Residents of Hoedspruit are paying property rates at a tariff of 0.012 cents in the rand – double that of Cape Town at 0.006, and significantly higher than Johannesburg at 0.009 and Tshwane at 0.011. That comparison alone would be remarkable. What makes it a structural crisis is what lies beneath it.
Property rates in South Africa are set annually by each municipality, which determines its own “cents in the rand” tariff – a figure multiplied against the market value of every rateable property to generate a bill. There is almost no external regulation governing how high that figure can go, or what it must be based on. As the South African Reserve Bank has noted, the process is driven not by analysis of service delivery costs or objective affordability benchmarks, but by what council needs to balance its books. It is, in the Reserve Bank’s own framing, an inherently political process.
In Maruleng, the politics are not difficult to read. The Double Impact
The Double Impact
Hoedspruit’s property market has undergone a significant transformation over the past five years. Driven largely by an influx of semigrants and international buyers attracted by lifestyle appeal and favourable exchange rates, residential values have approximately doubled in that period. For Maruleng Local Municipality, this has been a fiscal windfall – but not one shared equitably with the ratepayers who created it.
Instead, the municipality has applied what amounts to a structural extraction: while residential property valuations have approximately doubled since 2021/22, tariff reductions from 0.014 to 0.012 cents in the rand have been marginal by comparison – a 14 percent decrease against a 100 percent increase in the valuation base. The arithmetic is straightforward: ratepayers are paying dramatically more in absolute rand terms, and the municipality’s property rates revenue has grown accordingly – from R101 million to a budgeted R270 million in four years.

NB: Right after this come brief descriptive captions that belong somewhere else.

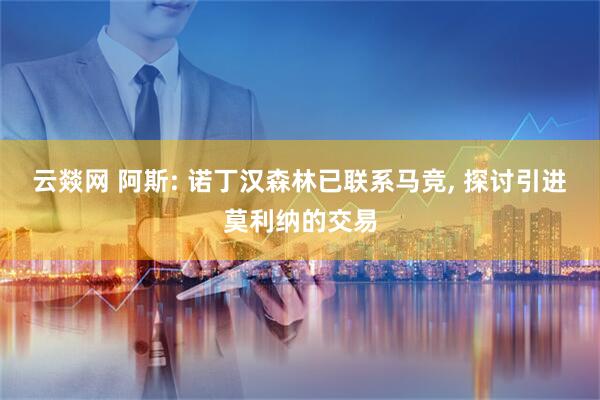 云燚网 阿斯: 诺丁汉森林已联系马竞, 探讨引进莫利纳的交易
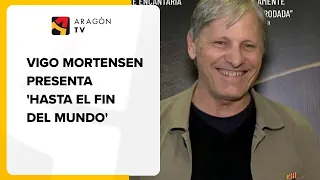 🎬 Vigo Mortensen presenta en Zaragoza 'Hasta el fin del mundo'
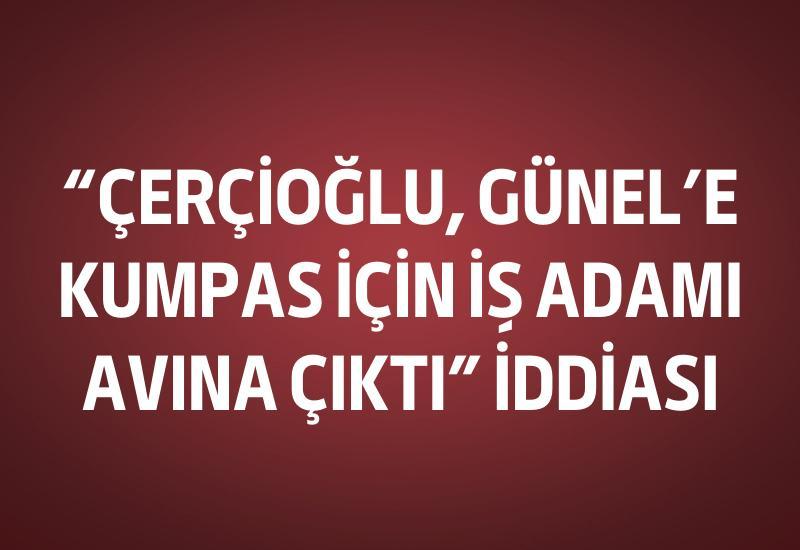 "Çerçioğlu, Günel'e kumpas için iş adamı avına çıktı" iddiası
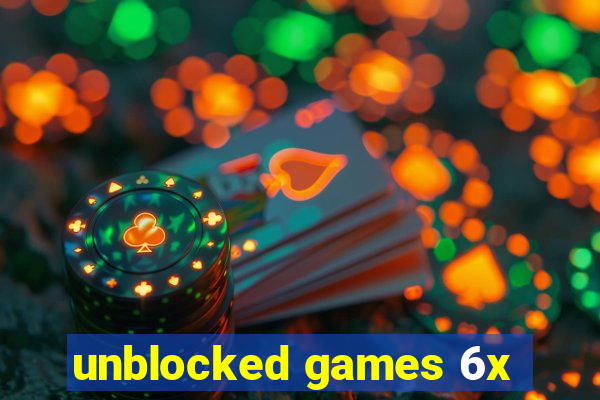 unblocked games 6x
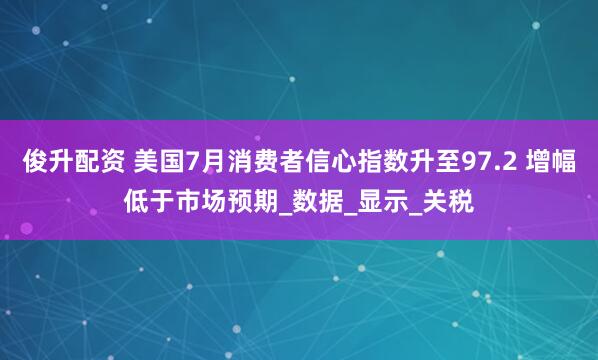 俊升配资 美国7月消费者信心指数升至97.2 增幅低于市场预期_数据_显示_关税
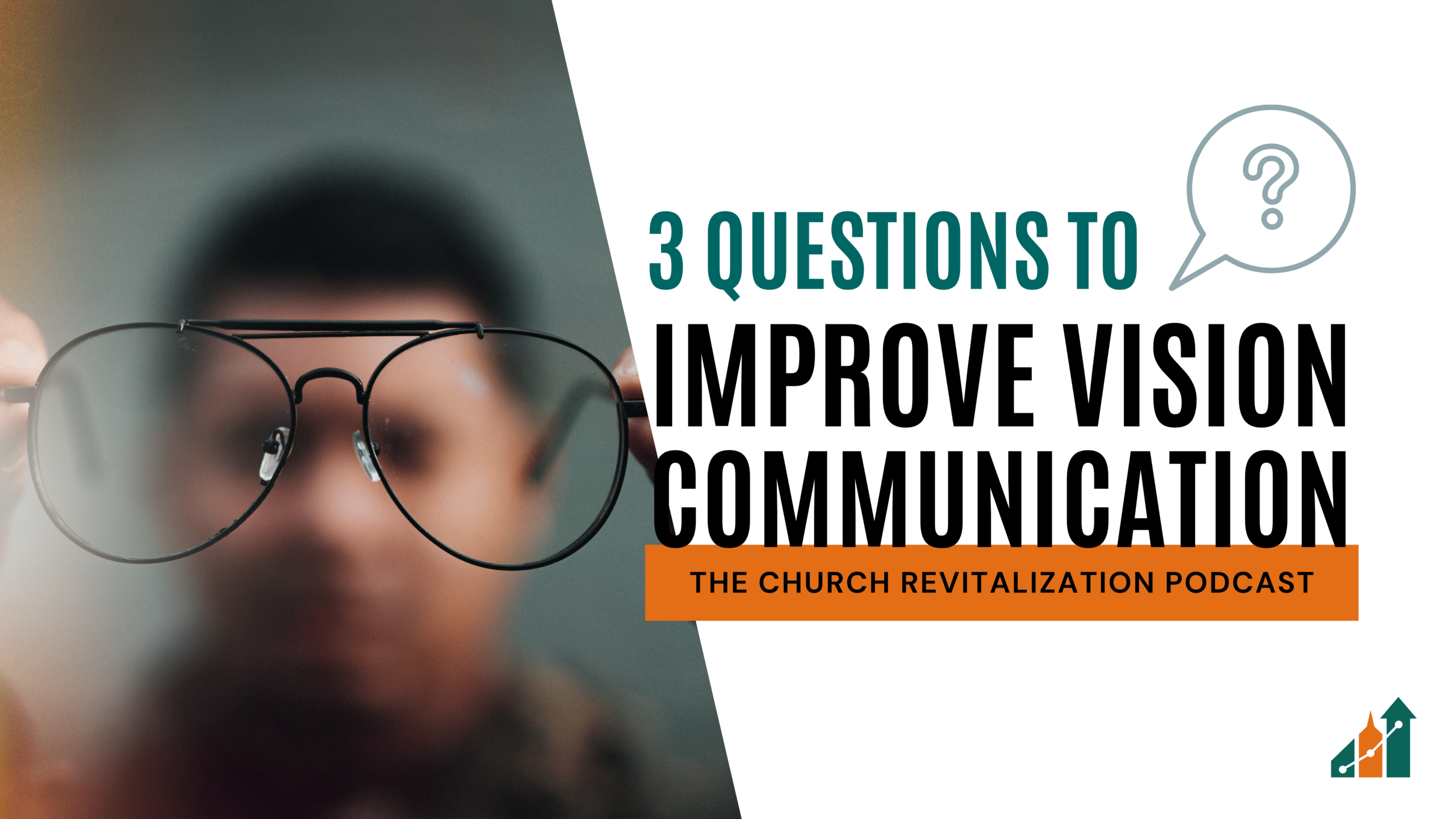 improve-vision-communication_how-to-communicate-vision_the-malphurs-group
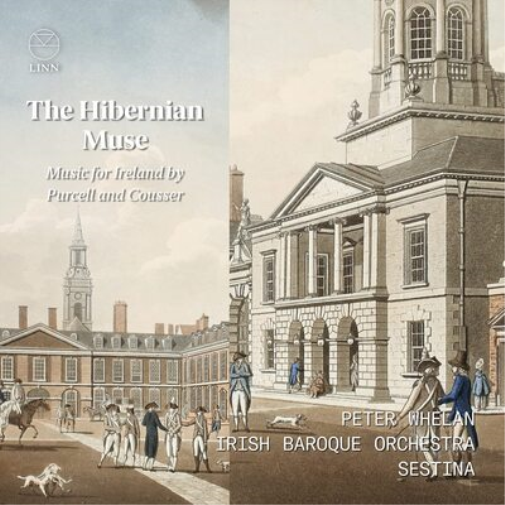 The Hibernian Muse: Music for Ireland By Purcell and Cousser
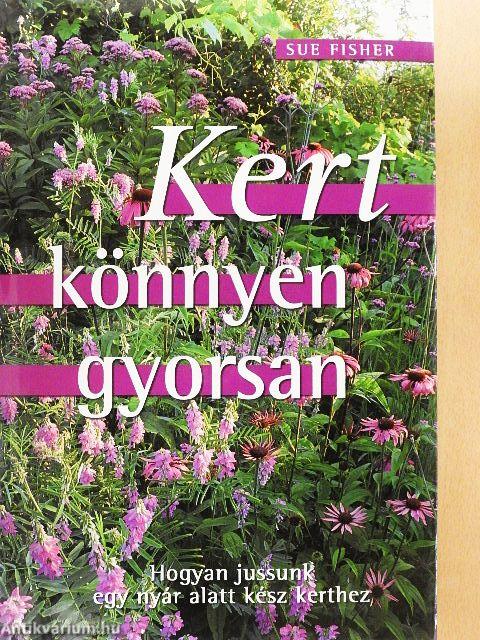 Kert könnyen, gyorsan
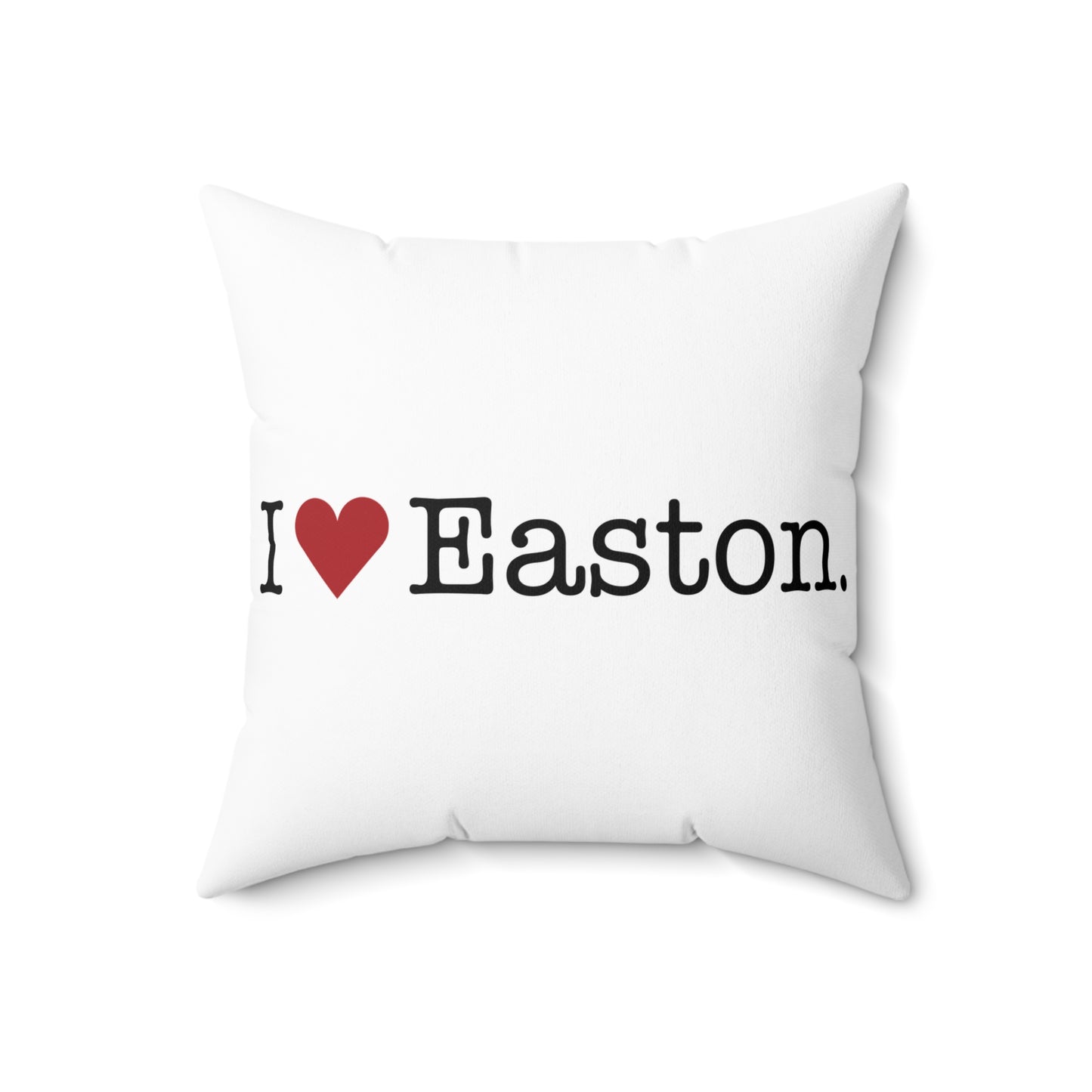 I Heart Easton. Spun Polyester Square Pillow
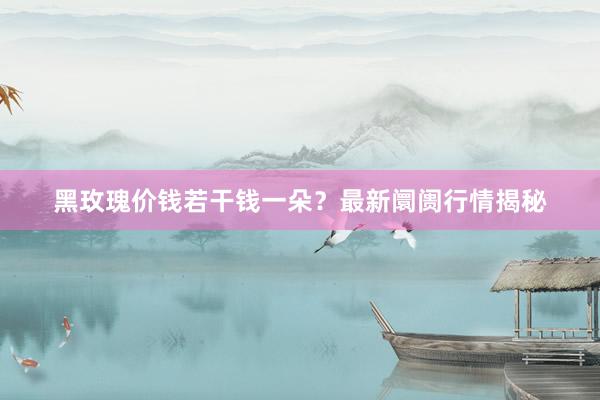 黑玫瑰价钱若干钱一朵？最新阛阓行情揭秘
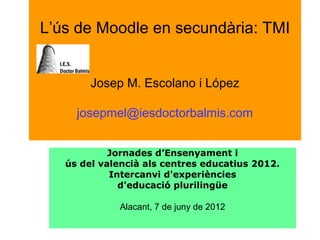 L’ús de Moodle en secundària: TMI
Josep M. Escolano i López
josepmel@iesdoctorbalmis.com
Jornades d’Ensenyament i
ús del valencià als centres educatius 2012.
Intercanvi d'experiències
d'educació plurilingüe
Alacant, 7 de juny de 2012
 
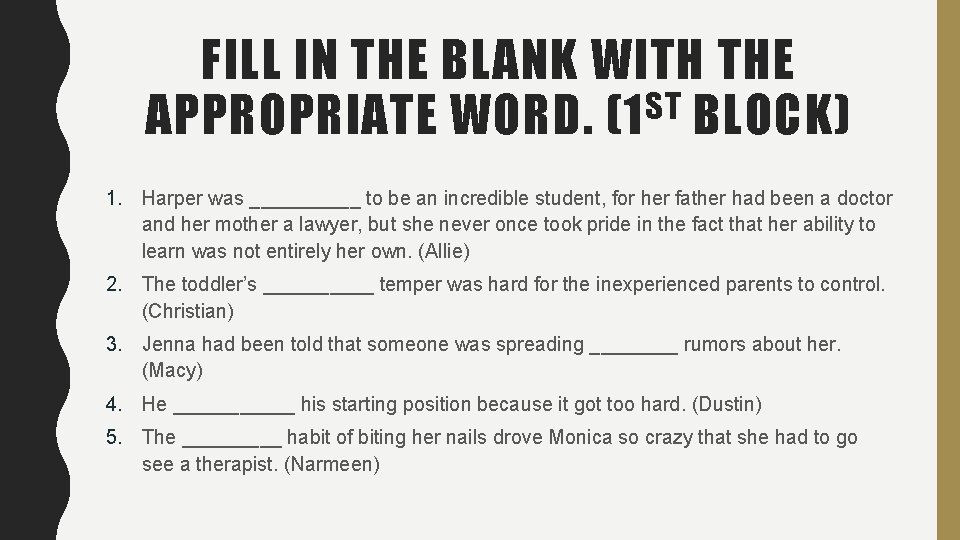 FILL IN THE BLANK WITH THE ST APPROPRIATE WORD. (1 BLOCK) 1. Harper was FILL IN THE BLANK WITH THE ST APPROPRIATE WORD. (1 BLOCK) 1. Harper was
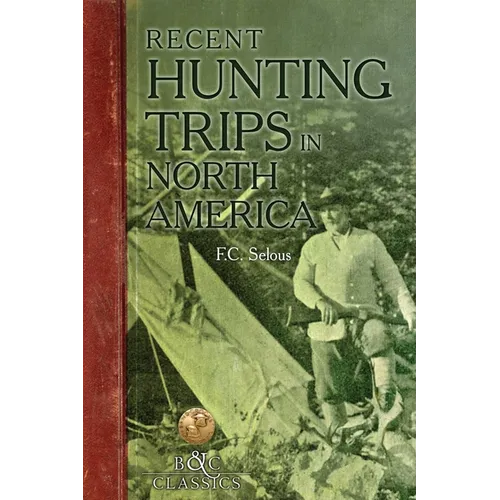 Recent Hunting Trips in North America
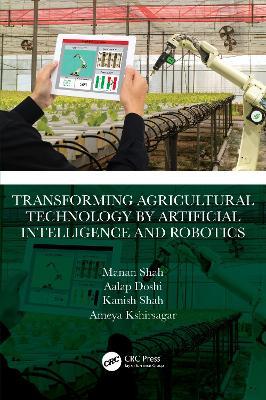 Transforming Agricultural Technology by Artificial Intelligence and Robotics - Manan Shah,Aalap Doshi,Kanish Shah - cover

That revenue now accounts for 46 percent of Maruleng’s total operating budget. The national norm, as measured by Stats SA, is between 16 and 18 percent.
No municipality in South Africa of comparable size and service profile should be funding nearly half its operations from property rates alone. The fact that Maruleng is doing so – and accelerating – is not a sign of fiscal strength. It is a warning sign.
Residential Property Rates Tariff – Cents in the Rand (2025/2026)
MUNICIPALITY TARIFF (C/RAND) vs HOEDSPRUIT
Hoedspruit (Maruleng) 0.012 —
Tshwane 0.011 8% lower
Johannesburg 0.009 25% lower
Cape Town 0.006 50% lower
All figures represent the residential property rates tariff applicable to owner-occupied residential properties in each municipality. Maruleng applies a differentiated tariff structure across property categories – the 0.012 rate is specific to residential properties and is the direct equivalent used in each comparison above.
What the Auditor Found
The Auditor General’s 2023/24 findings on Maruleng – the most recent audited financials available – present a municipality that is not technically insolvent, but whose financial management is described as poor across nearly every operational indicator. Financial statements were submitted on time, but their quality was rated poor. Performance reports were rated poor. Internal controls were flagged as requiring intervention. Record keeping was described as concerning.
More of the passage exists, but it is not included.